Abstract
This paper demonstrates, by means of a systematic uncertainty analysis, that the use of outputs from more than one model can significantly improve conditional forecasts of discharges or water stages, provided the models are structurally different. Discharge forecasts from two models and the actual forecasted discharge are assumed to form a three-dimensional joint probability density distribution (jpdf), calibrated on long time series of data. The jpdf is decomposed into conditional probability density distributions (cpdf) by means of Bayes formula, as suggested and explored by Krzysztofowicz in a series of papers. In this paper his approach is simplified to optimize conditional forecasts for any set of two forecast models. Its application is demonstrated by means of models developed in a study of flood forecasting for station Stung Treng on the middle reach of the Mekong River in South-East Asia. Four different forecast models were used and pairwise combined: forecast with no model, with persistence model, with a regression model, and with a rainfall-runoff model. Working with cpdfs requires determination of dependency among variables, for which linear regressions are required, as was done by Krzysztofowicz. His Bayesian approach based on transforming observed probability distributions of discharges and forecasts into normal distributions is also explored. Results obtained with his method for normal prior and likelihood distributions are identical to results from direct multiple regressions. Furthermore, it is shown that in the present case forecast accuracy is only marginally improved, if Weibull distributed basic data were converted into normally distributed variables.
Highlights
Our objective is to provide a systematic error analysis based on Bayes formula in order to obtain the optimum forecast from up to two models, and to determine the probability density function of forecast errors eF(i+m)

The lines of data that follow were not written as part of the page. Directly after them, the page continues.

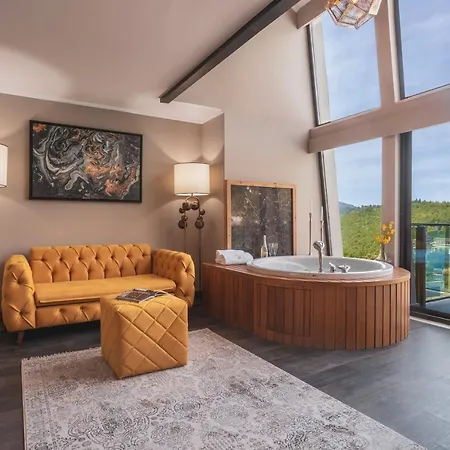 Orka Cove Penthouse & Adults Only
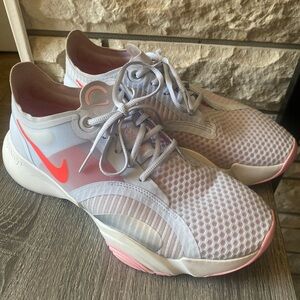 Nike women’s Superrep Go size 10 shoes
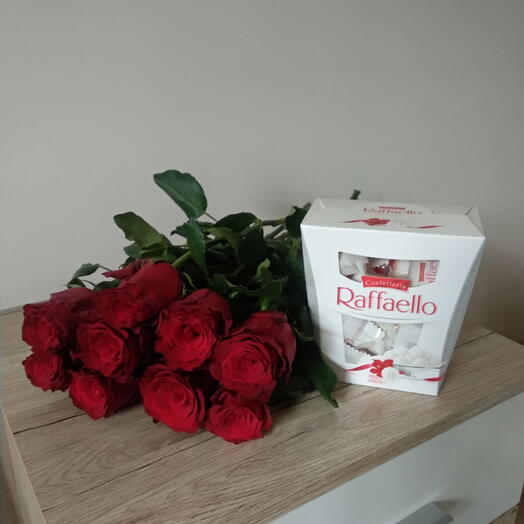 9 roses (60cm) + Rafaello (150gr)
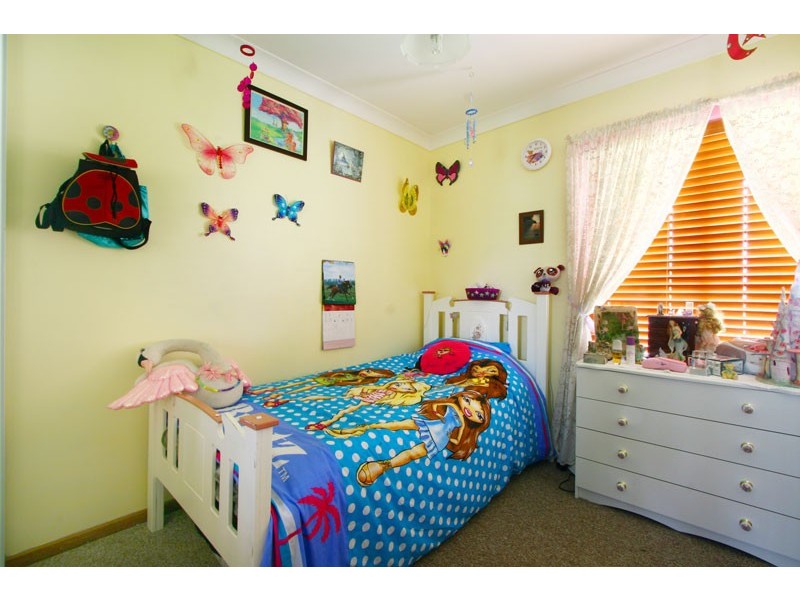 6 Kippax Street, Warilla NSW 2528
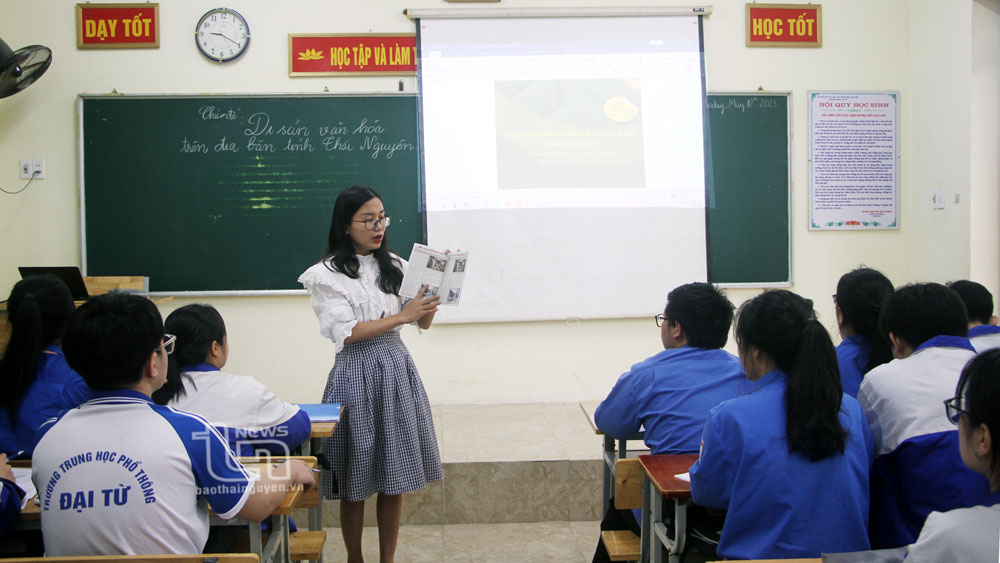 Vì sao điểm chuẩn ngành Sư phạm Lịch sử tăng vọt?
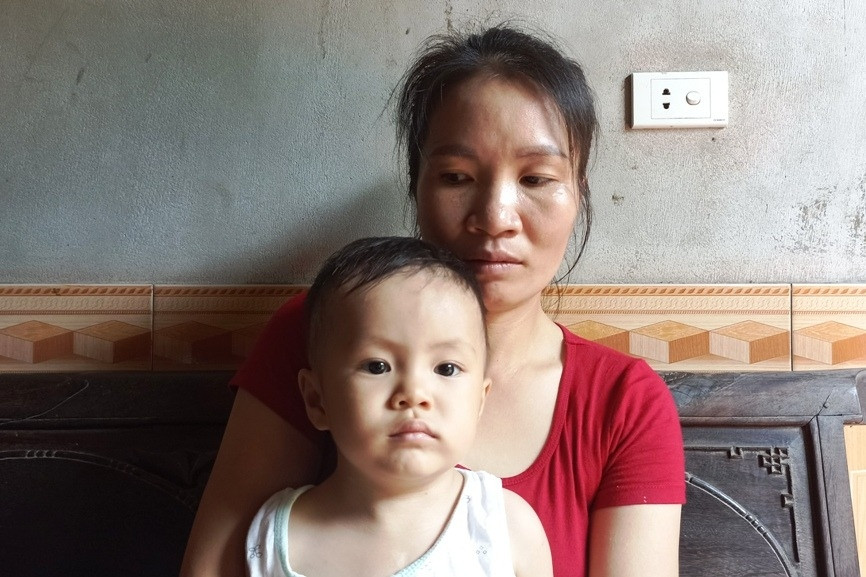 Cha mẹ vét sạch túi cũng không đủ tiền mua thuốc cho con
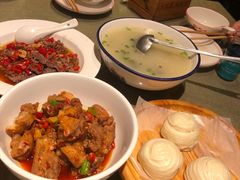 -老湖南民间菜·牛肉十八炒(花都店)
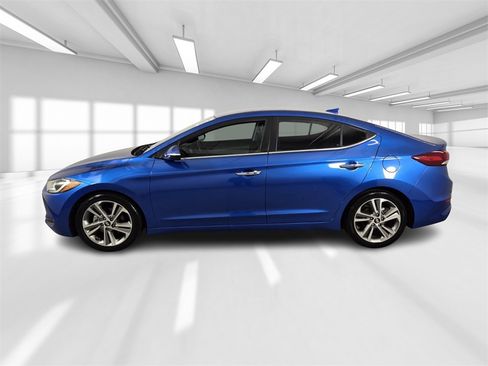 Used 2017 Hyundai Elantra Limited image 3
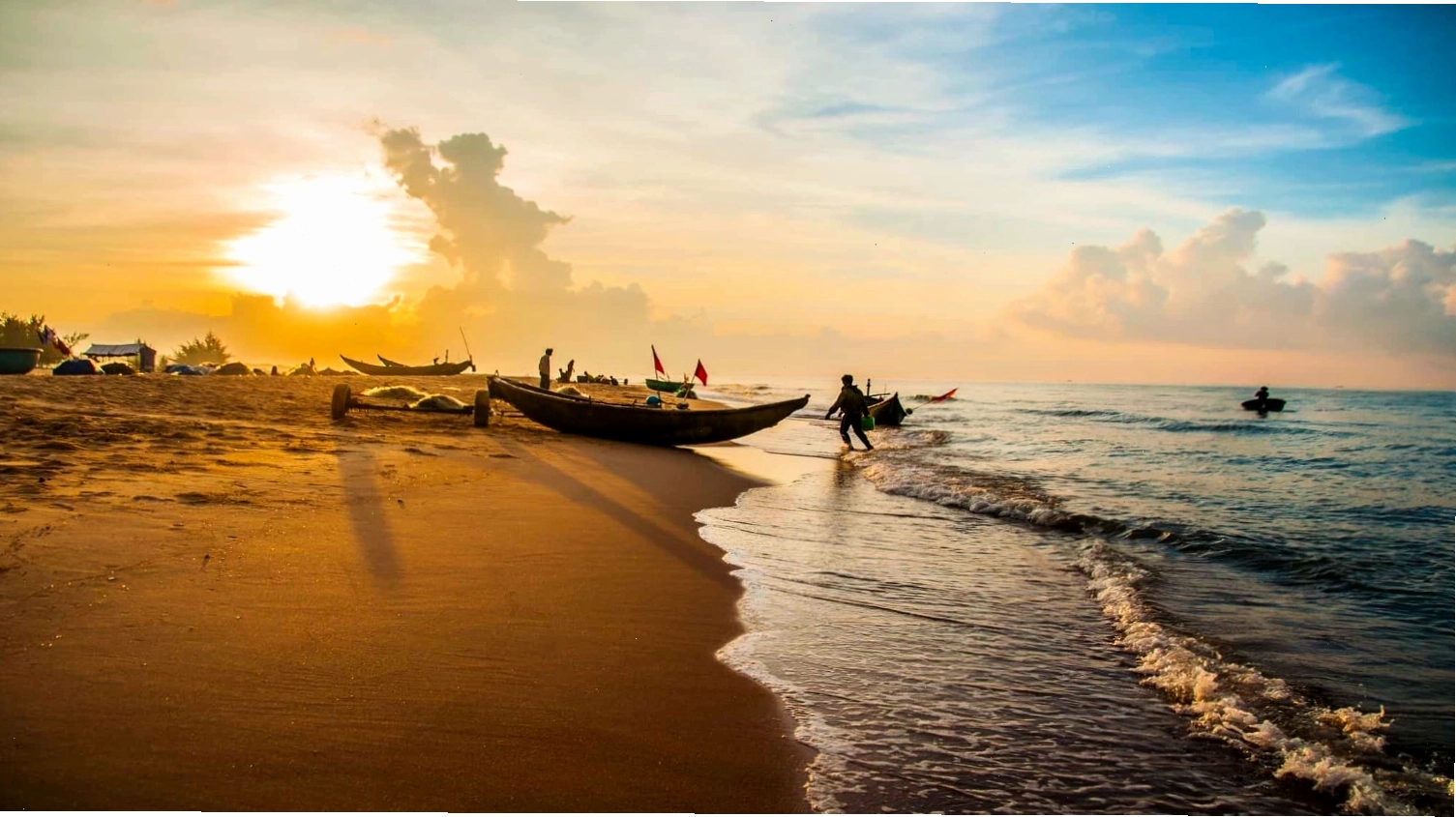 Biển Hồ Cốc hoang sơ gần Suối khoáng nóng Bình Châu
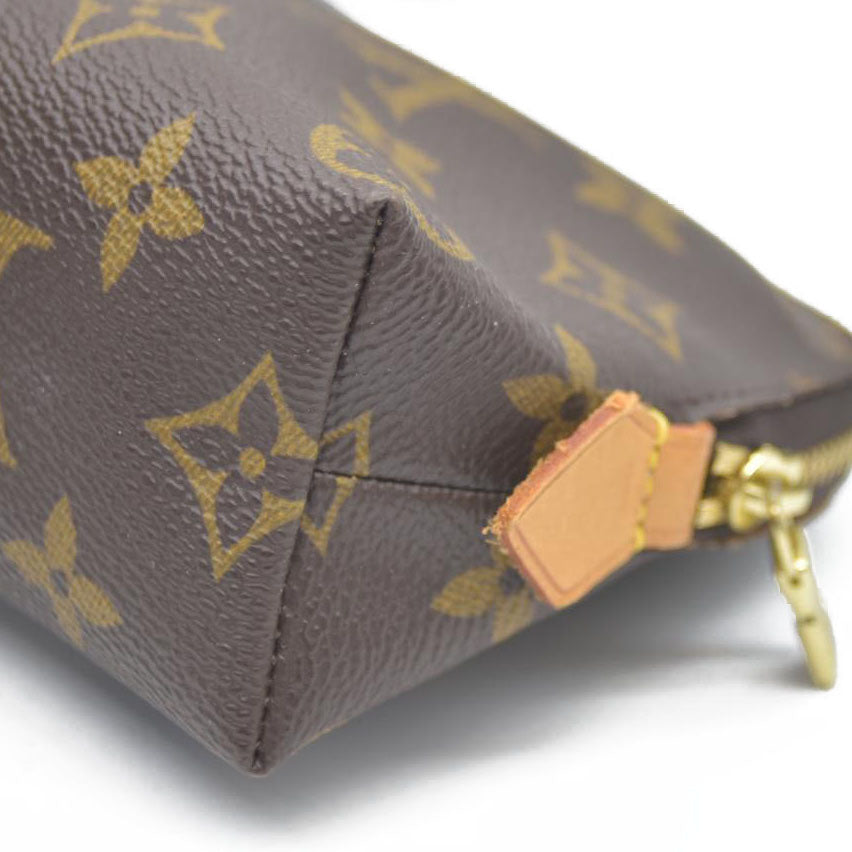 $590 Louis Vuitton Monogram Cosmetic Pouch CA0040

The second step is model calibration because hydrological models generally depend on empirical parameters which are specific for the basin considered
We start with given forecast models, which are supposed to have been developed in a design phase
Summary
The best forecast is defined as that linear combination of model outputs from the set which minimizes the forecast error. The result is a simplified version of the Bayesian framework developed by Krzysztofowicz [1], and Todini [2] This approach is generally applicable to any two forecast models. For each of the flood forecast models that set of model parameters is determined which minimizes the error between forecast and observation of long historical time series. Due to model-, parameter- , and other uncertainties only estimates for the true record are obtained, and the purpose of the analysis in this paper is to minimize total uncertainty, which shall be expressed through the error of observed record minus forecast.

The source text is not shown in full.